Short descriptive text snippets
|---|

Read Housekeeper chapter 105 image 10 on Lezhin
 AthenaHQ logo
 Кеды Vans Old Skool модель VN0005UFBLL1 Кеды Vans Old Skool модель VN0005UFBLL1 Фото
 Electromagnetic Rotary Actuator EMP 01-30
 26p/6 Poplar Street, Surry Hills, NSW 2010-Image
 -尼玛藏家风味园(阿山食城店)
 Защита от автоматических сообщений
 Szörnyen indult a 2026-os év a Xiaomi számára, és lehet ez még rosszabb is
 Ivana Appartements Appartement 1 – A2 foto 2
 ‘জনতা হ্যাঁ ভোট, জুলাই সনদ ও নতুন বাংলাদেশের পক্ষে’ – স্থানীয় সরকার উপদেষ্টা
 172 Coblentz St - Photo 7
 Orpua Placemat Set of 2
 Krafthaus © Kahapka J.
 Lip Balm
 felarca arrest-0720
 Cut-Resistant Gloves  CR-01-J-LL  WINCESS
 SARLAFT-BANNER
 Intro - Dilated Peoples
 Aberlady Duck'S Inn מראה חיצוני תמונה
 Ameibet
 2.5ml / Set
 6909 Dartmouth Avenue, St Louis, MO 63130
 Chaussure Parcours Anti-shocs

|---|

» About this exercise: Each entry must be set down exactly as it appears.

» Exercise response:
Read Housekeeper chapter 105 image 10 on Lezhin
 AthenaHQ logo
 Кеды Vans Old Skool модель VN0005UFBLL1 Кеды Vans Old Skool модель VN0005UFBLL1 Фото
 Electromagnetic Rotary Actuator EMP 01-30
 26p/6 Poplar Street, Surry Hills, NSW 2010-Image
 -尼玛藏家风味园(阿山食城店)
 Защита от автоматических сообщений
 Szörnyen indult a 2026-os év a Xiaomi számára, és lehet ez még rosszabb is
 Ivana Appartements Appartement 1 – A2 foto 2
 ‘জনতা হ্যাঁ ভোট, জুলাই সনদ ও নতুন বাংলাদেশের পক্ষে’ – স্থানীয় সরকার উপদেষ্টা
 172 Coblentz St - Photo 7
 Orpua Placemat Set of 2
 Krafthaus © Kahapka J.
 Lip Balm
 felarca arrest-0720
 Cut-Resistant Gloves  CR-01-J-LL  WINCESS
 SARLAFT-BANNER
 Intro - Dilated Peoples
 Aberlady Duck'S Inn מראה חיצוני תמונה
 Ameibet
 2.5ml / Set
 6909 Dartmouth Avenue, St Louis, MO 63130
 Chaussure Parcours Anti-shocs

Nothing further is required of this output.